◆ **DESCRIPTION OF THE TASK**
Only these lines of the data below are wanted: the one with "取引中】自転車 27インチ オートライト チャイルドシート付き", the one with "Black Box CAT6A", and any lines between them, each repeated exactly.

◆ **MATERIAL SHOWN**

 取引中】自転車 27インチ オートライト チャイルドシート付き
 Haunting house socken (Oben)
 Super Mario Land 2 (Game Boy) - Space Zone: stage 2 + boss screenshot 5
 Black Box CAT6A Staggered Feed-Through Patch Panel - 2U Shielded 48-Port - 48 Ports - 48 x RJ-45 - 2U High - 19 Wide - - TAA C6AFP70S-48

---

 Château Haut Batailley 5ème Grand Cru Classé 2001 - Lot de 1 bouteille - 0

--

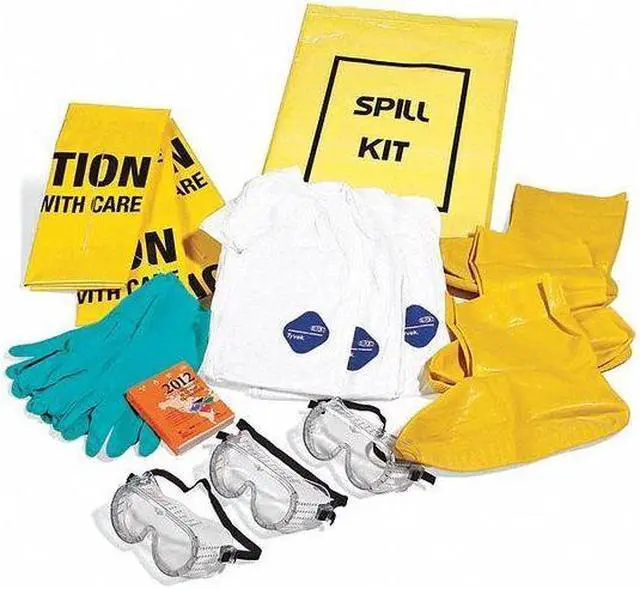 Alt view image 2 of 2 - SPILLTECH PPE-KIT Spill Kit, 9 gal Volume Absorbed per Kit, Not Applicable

◆ **TASK OUTPUT**
 取引中】自転車 27インチ オートライト チャイルドシート付き
 Haunting house socken (Oben)
 Super Mario Land 2 (Game Boy) - Space Zone: stage 2 + boss screenshot 5
 Black Box CAT6A Staggered Feed-Through Patch Panel - 2U Shielded 48-Port - 48 Ports - 48 x RJ-45 - 2U High - 19 Wide - - TAA C6AFP70S-48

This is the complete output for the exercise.